Five Favorites: 2019 (Part 1)

by Arnold Woods

In 2019, our OpenSFHistory image collection grew by another 6000 images. These images span a 150-year time period from the 1850s to the early 2000s and cover nearly every inch of our great City. As 2019 comes to a close, I am looking back at some of my favorite images that were added to this year. There were too many great images to trim down to just five images, so we’ll do this in two parts. In this part 1, we look at some great images that were posted from January to June 2020.

Looking north from 21st and Pacheco at Sand Conveyor Streetcar with Golden Gate Park and Strawberry Hill in background, circa 1935.Looking north from 21st and Pacheco at Sand Conveyor Streetcar with Golden Gate Park and Strawberry Hill in background, circa 1935. (wnp14.2022; Courtesy of a Private Collector.) has thousands of images of cable cars and streetcars. They come in variety of shapes and sizes, but this one stood out when I saw it. And there was a reason for that. This streetcar was specially constructed by the United Rail Road Company (“URR”) to gather sand at its sandpit located at 21st and Pacheco. Why was the URR gathering sand? The sand conveyor streetcar would load sand onto work cars that would then drop sand on to the streetcar tracks to add traction for the steel wheels of streetcars on the steel tracks. This helped with acceleration and braking. The 21st and Pacheco sandpit was closed in 1937 and this sand conveyor streetcar was moved to the Sutro Car Barn, where it continued to convey sand into the early 1950s.

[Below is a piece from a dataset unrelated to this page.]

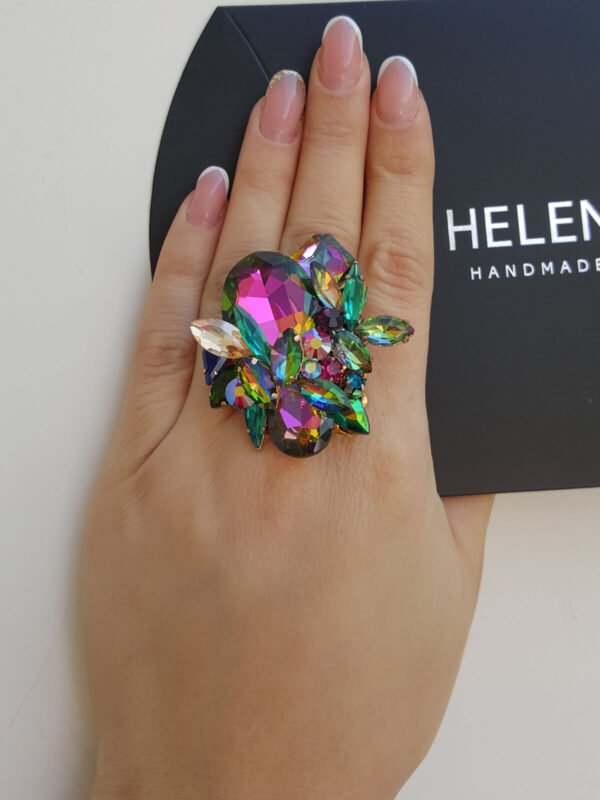 Limited Ring 014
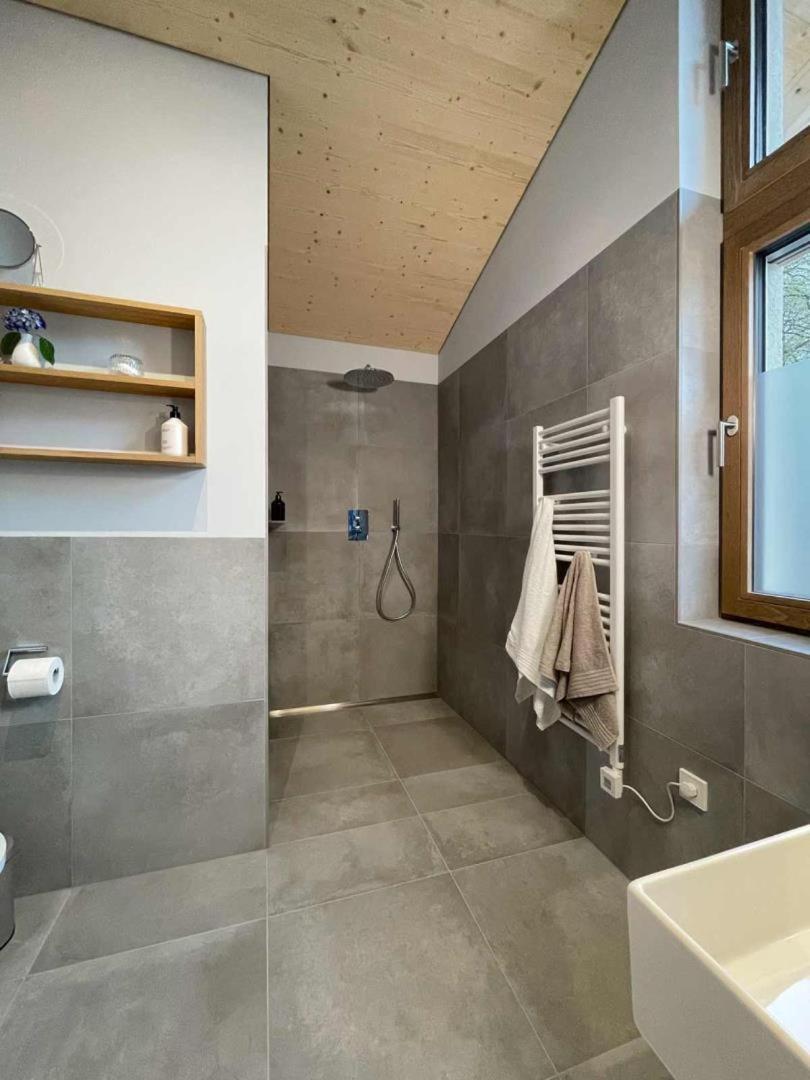 Ferienwohnung H9 Berg In Garmisch-Partenkirchen Dış mekan fotoğraf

The Monkees and Carol Doda at Bardelli's Restaurant, 1968.The Monkees and Carol Doda at Bardelli’s Restaurant, 1968. (wnp14.2367; Courtesy of a Private Collector)

In 1968, The Monkees were still at the height of their popularity with their TV show and albums. They were so popular the Gene Roddenberry added a charactor, Chekov, who looked like Davy Jones. Jimi Hendrix opened for them during a 1967 concert tour. When The Monkees came to San Francisco in 1968, they did what many young men did then…came to see Carol Doda. Doda was a go-go dancer at the Condor Club, located at the intersection of Broadway and Columbus Avenue. She caused a sensation in 1964 when she started dancing topless. The Monkees met up with Carol Doda at Bardelli’s Restaurant where this image was taken in 1968. Peter Tork and Davy Jones look like they are enjoying this interaction, while Michael Nesmith looks like he is ready to leave and Mickey Dolenz is just trying to be seen. These were surely not the only pop stars that got an introduction to Doda, but you don’t often see images from these meetings.

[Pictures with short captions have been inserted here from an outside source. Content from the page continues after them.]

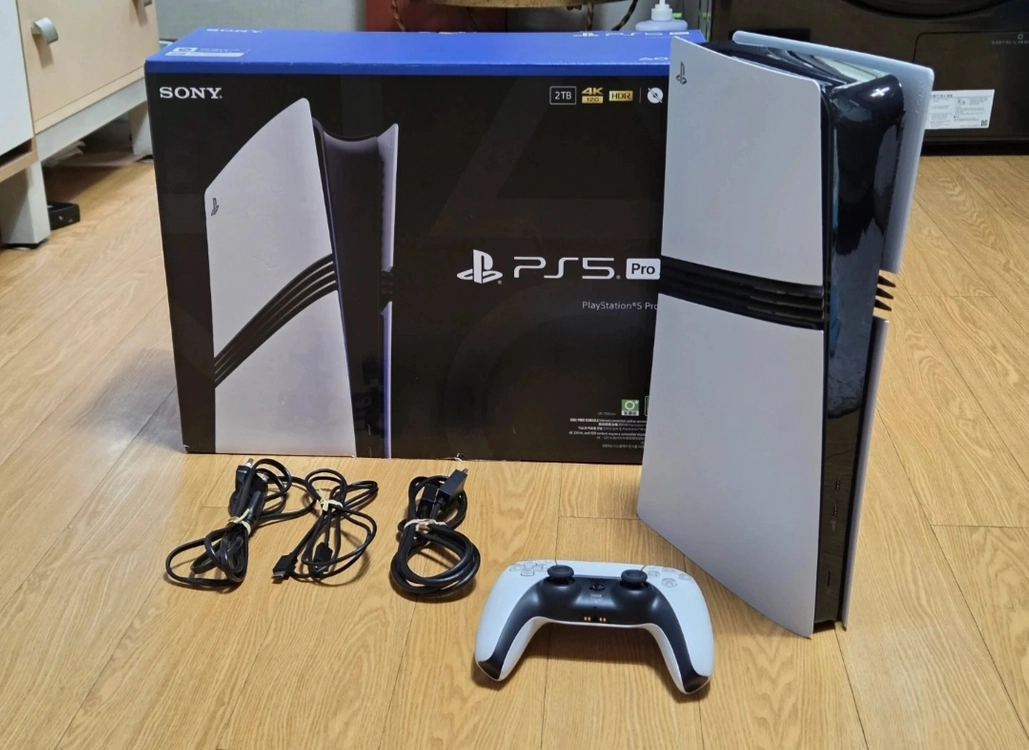 신공정 ps5 pro 판매 합니다 - 안심되는 중고거래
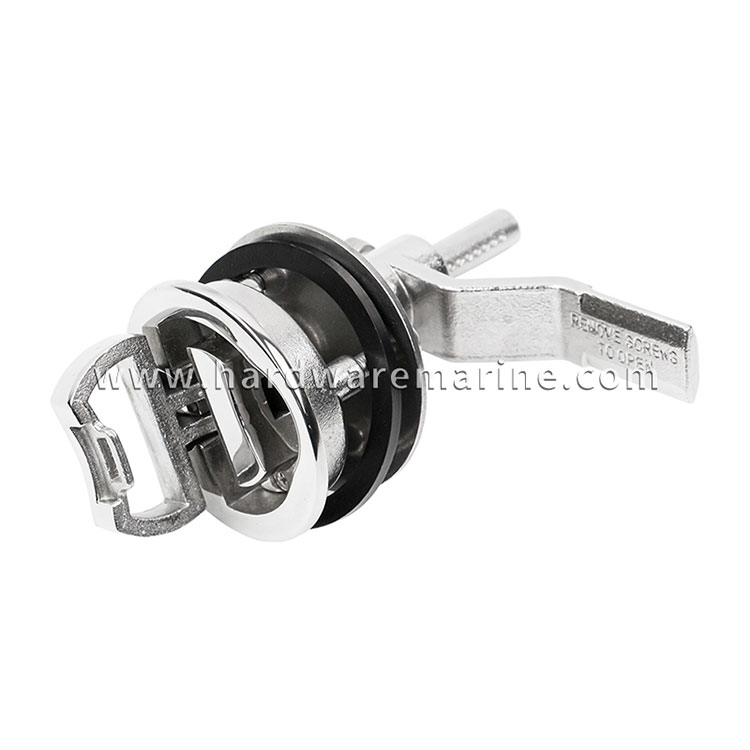 316 Stainless Steel Marine Turning Lock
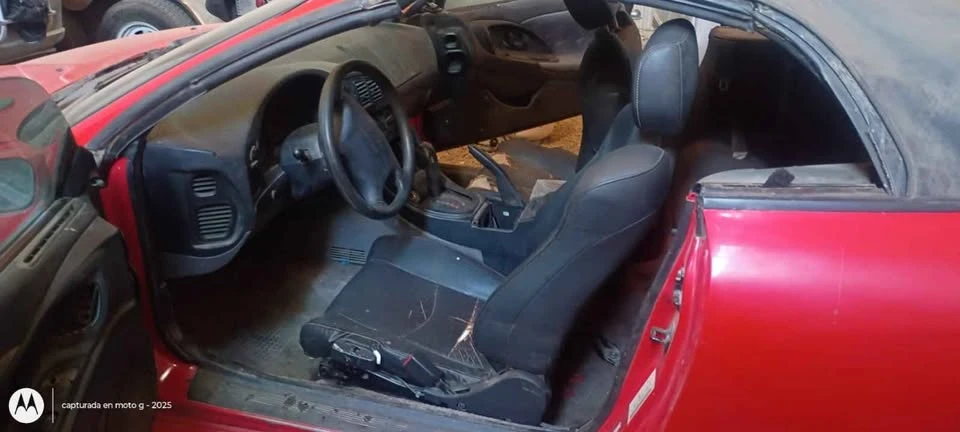 1999 Mitsubishi Eclipse 2nd Gen - Image 4 of 4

Sutro Baths construction, 1893.Sutro Baths construction, 1893. (wnp70.0538; Courtesy of a Private Collector)

We have many, many images of the Sutro Baths on The Baths opened in 1896, became an ice rink in the 1950s, closed in 1964, and then burned down in 1966. The Sutro Baths ruins are now part of the Golden Gate National Recreation Area. However, while we see lots of images of the finished Sutro Baths, pictures of its construction are rarer. The above image was taken in 1893. It gives you an idea of what lies beneath the pools of water you see at the site today. The trees on the hill above the site are much smaller than they are today and gives you an idea of how much they have grown in the 100+ years since then.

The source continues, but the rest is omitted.